What is being asked - Go through the listing that follows and write it out exactly. Drop the pictures.

Source material -
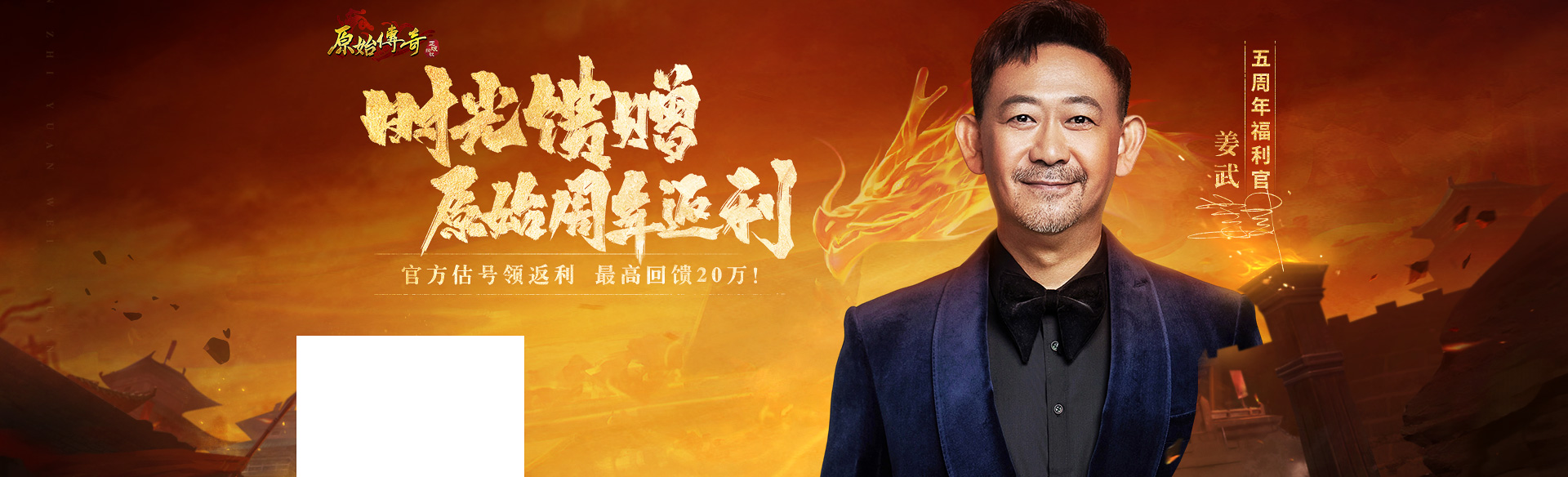 《原始傳奇》五周年福利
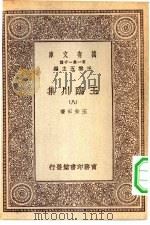 万有文库第一集一千种王临川集  8（ PDF版）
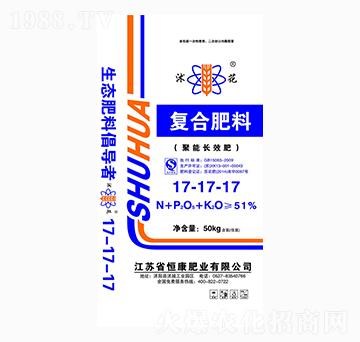 復(fù)合肥料17-17-17-沭花-恒康肥業(yè)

Finished exercise -
 《原始傳奇》五周年福利
 万有文库第一集一千种王临川集  8（ PDF版）
 復(fù)合肥料17-17-17-沭花-恒康肥業(yè)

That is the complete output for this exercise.